Available data —

..........

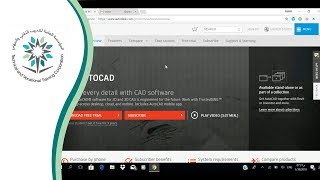 ١ طريقة تحميل وتثبيت برنامج AutoCad 2018 [upl. by Anirtik]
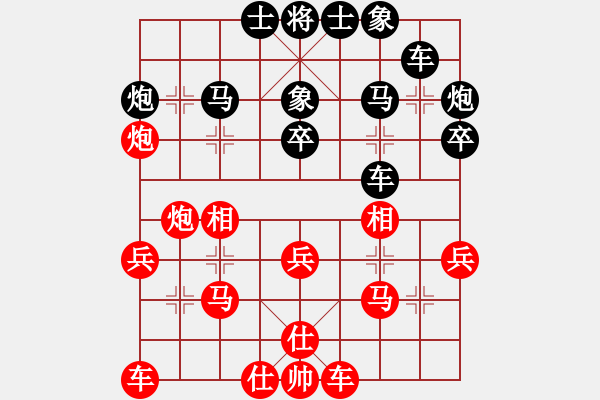 象棋棋譜圖片：：‰●【DGC龍丨智哥[紅] -VS- ‰●天九[黑] - 步數(shù)：30 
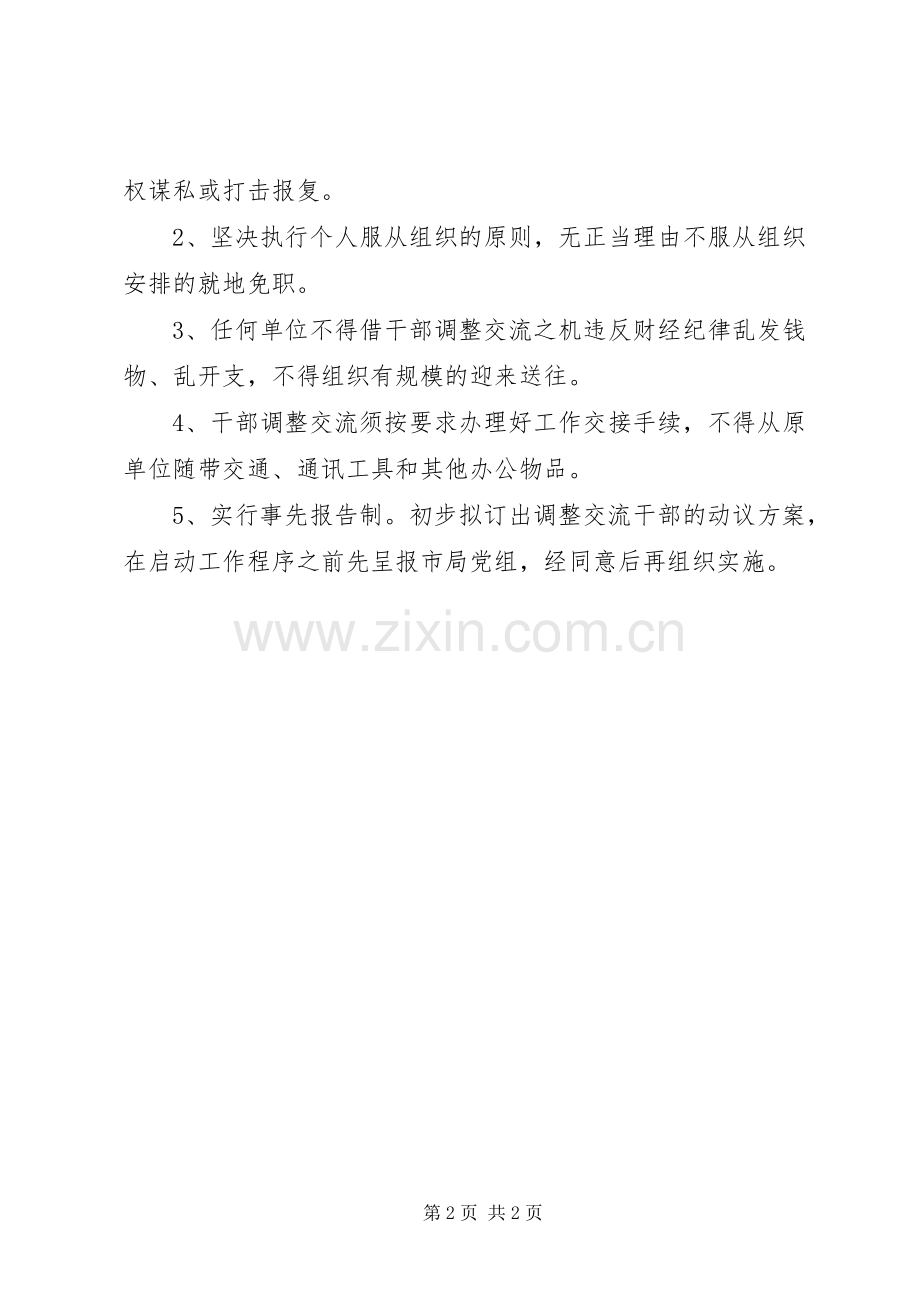 国土局调整交流指导实施方案.docx_第2页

..........

What this task involves —
Copy each line of the listing exactly, skipping any picture.

Solved problem —
 ١ طريقة تحميل وتثبيت برنامج AutoCad 2018 [upl. by Anirtik]
 象棋棋譜圖片：：‰●【DGC龍丨智哥[紅] -VS- ‰●天九[黑] - 步數(shù)：30 
 国土局调整交流指导实施方案.docx_第2页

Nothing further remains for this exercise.